▶ **EXERCISE MATERIALS**:
********

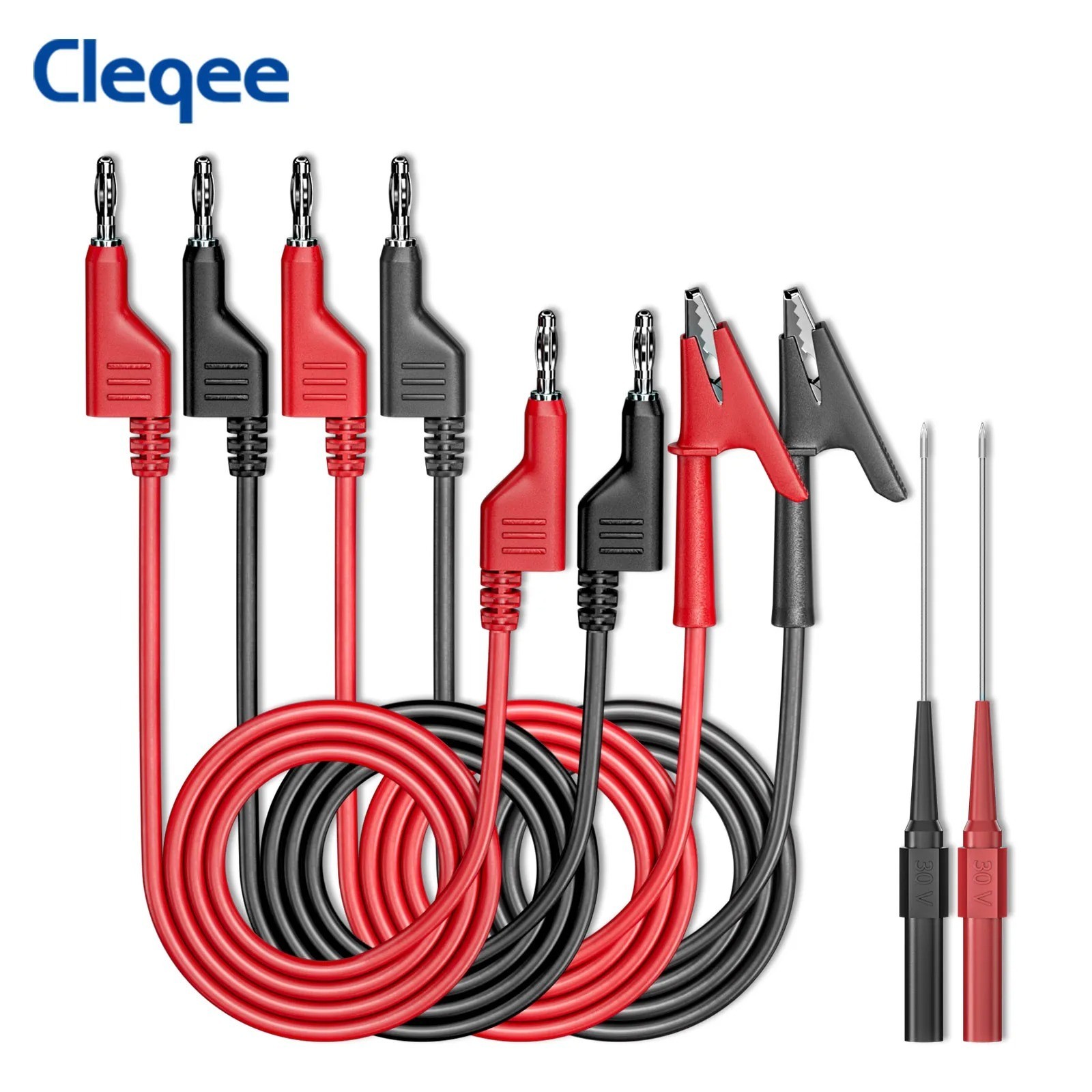 Test Leads Kit Alligator Clips Cable 4mm Banana Plug to Banana Plug Test Wire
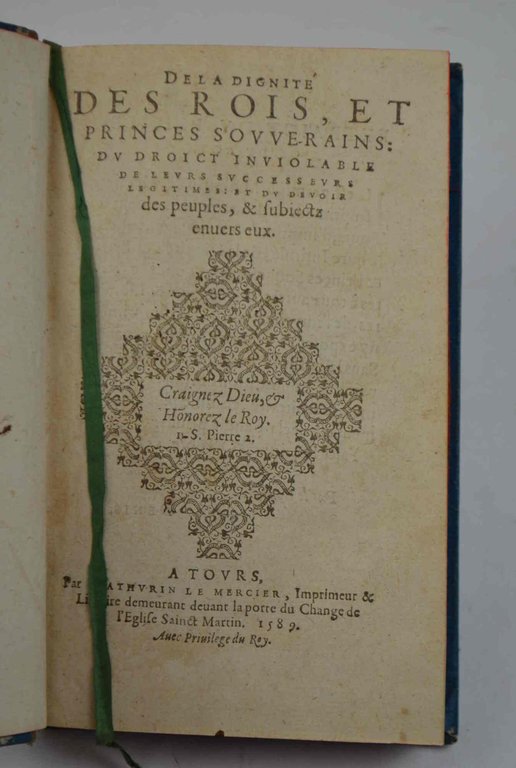 De la dignité des rois, et princes souverains: du droict … | Immagine Gallery 2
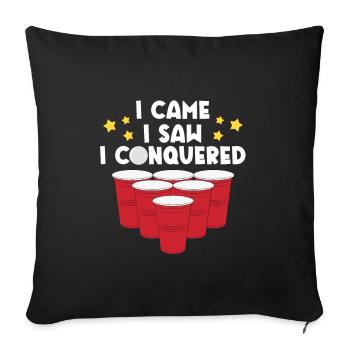 Je suis venu J’ai vu que j’ai vaincu - Housse de coussin décorative 45 x 45 cm - noir - Devant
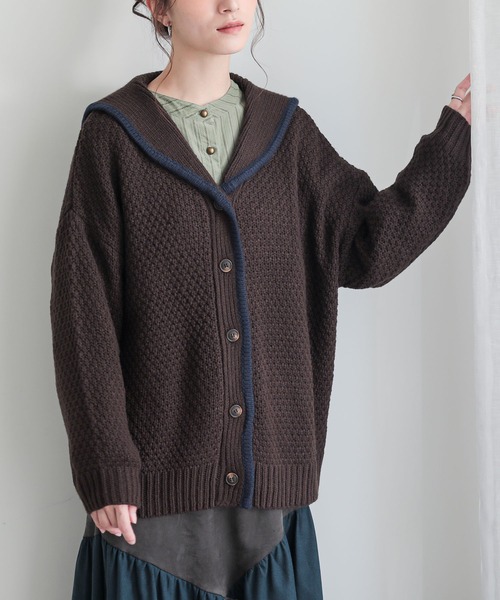 n'OrLABEL(ノアールレーベル)の「鹿の子編みセーラーカラーカーディガン(カーディガン/ボレロ・レディース・ベージュ/ブラウン・FREE)」の2枚目の写真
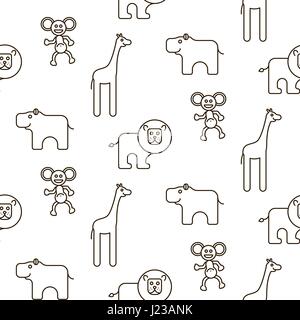 Afrikanische Wildtiere Kind Musterdesign Vektor. Stock Vektor
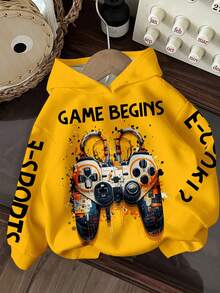 SHEIN 年轻男孩休闲宽松舒适日常酷炫游戏手柄图案印花针织长袖运动衫，适合秋冬季、返校季 - 彩色 - 查看 2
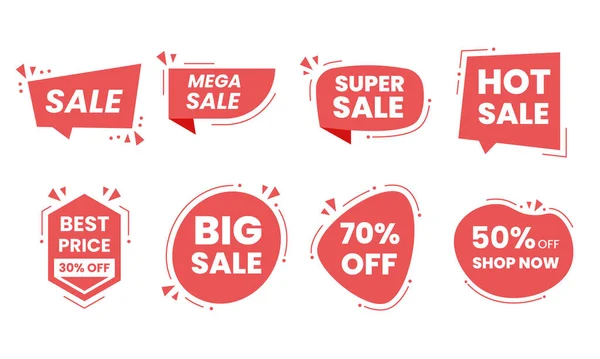 Set Red Sale Tags Sticker Labels — Stock Vector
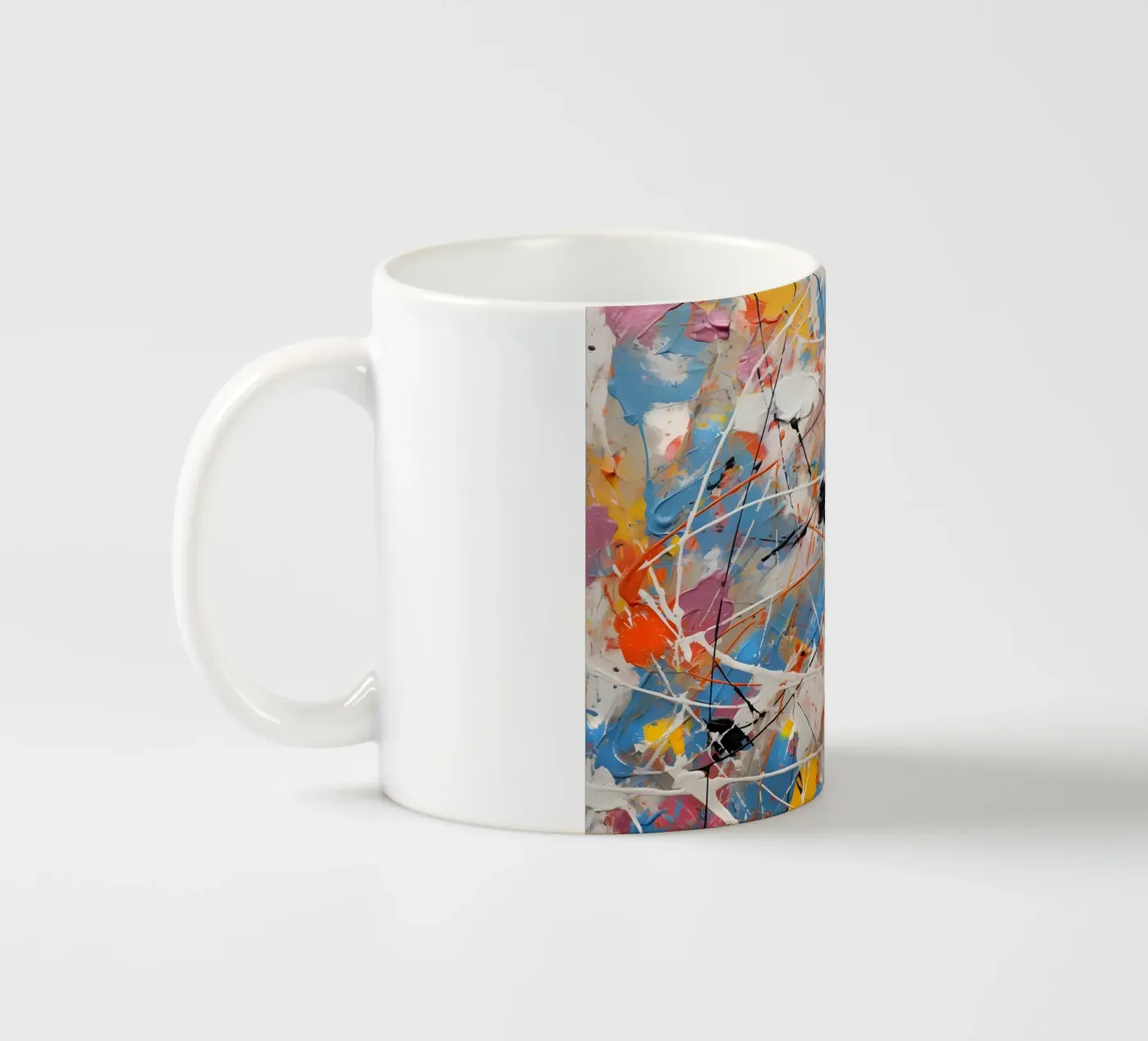 Complex colour scheme ceramic mug by Carinaprint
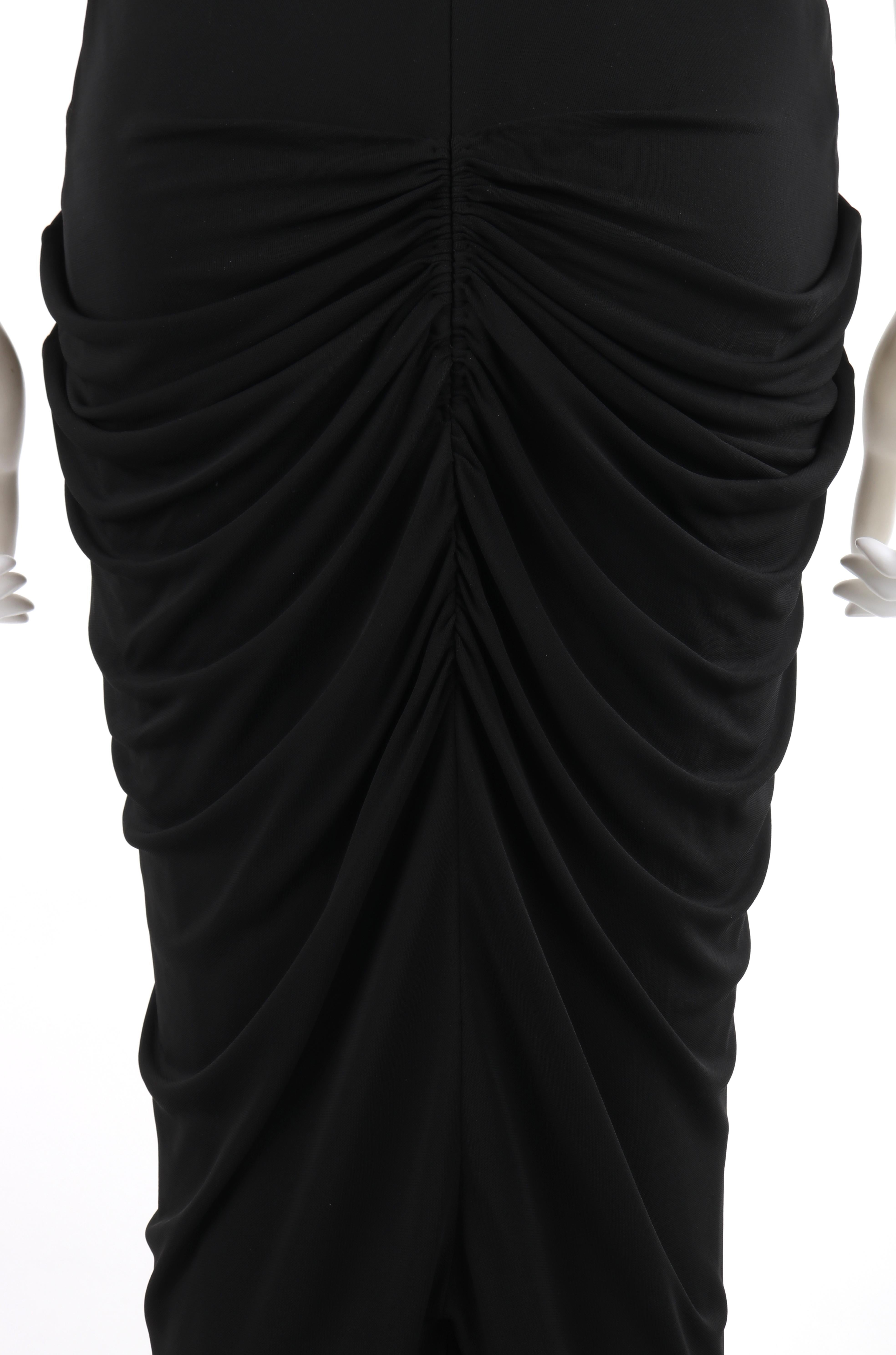 ALEXANDER McQUEEN c.2013 Black Copper Leaf Stretch Halter Maxi Dress Gown 4
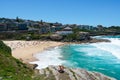 Distant view of full of people Tamarama beach in Sydney Australia Royalty Free Stock Photo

********

▶ **DIRECTIONS FOR THIS TASK**:
This task calls for the lines from the line holding "n'OrLABEL(ノアール" through the last line above, restated word for word with both ends included and the pictures dropped.

▶ **YOUR SOLUTION**:
 n'OrLABEL(ノアールレーベル)の「鹿の子編みセーラーカラーカーディガン(カーディガン/ボレロ・レディース・ベージュ/ブラウン・FREE)」の2枚目の写真
 Afrikanische Wildtiere Kind Musterdesign Vektor. Stock Vektor
 SHEIN 年轻男孩休闲宽松舒适日常酷炫游戏手柄图案印花针织长袖运动衫，适合秋冬季、返校季 - 彩色 - 查看 2
 Set Red Sale Tags Sticker Labels — Stock Vector
 Complex colour scheme ceramic mug by Carinaprint
 ALEXANDER McQUEEN c.2013 Black Copper Leaf Stretch Halter Maxi Dress Gown 4
 Distant view of full of people Tamarama beach in Sydney Australia Royalty Free Stock Photo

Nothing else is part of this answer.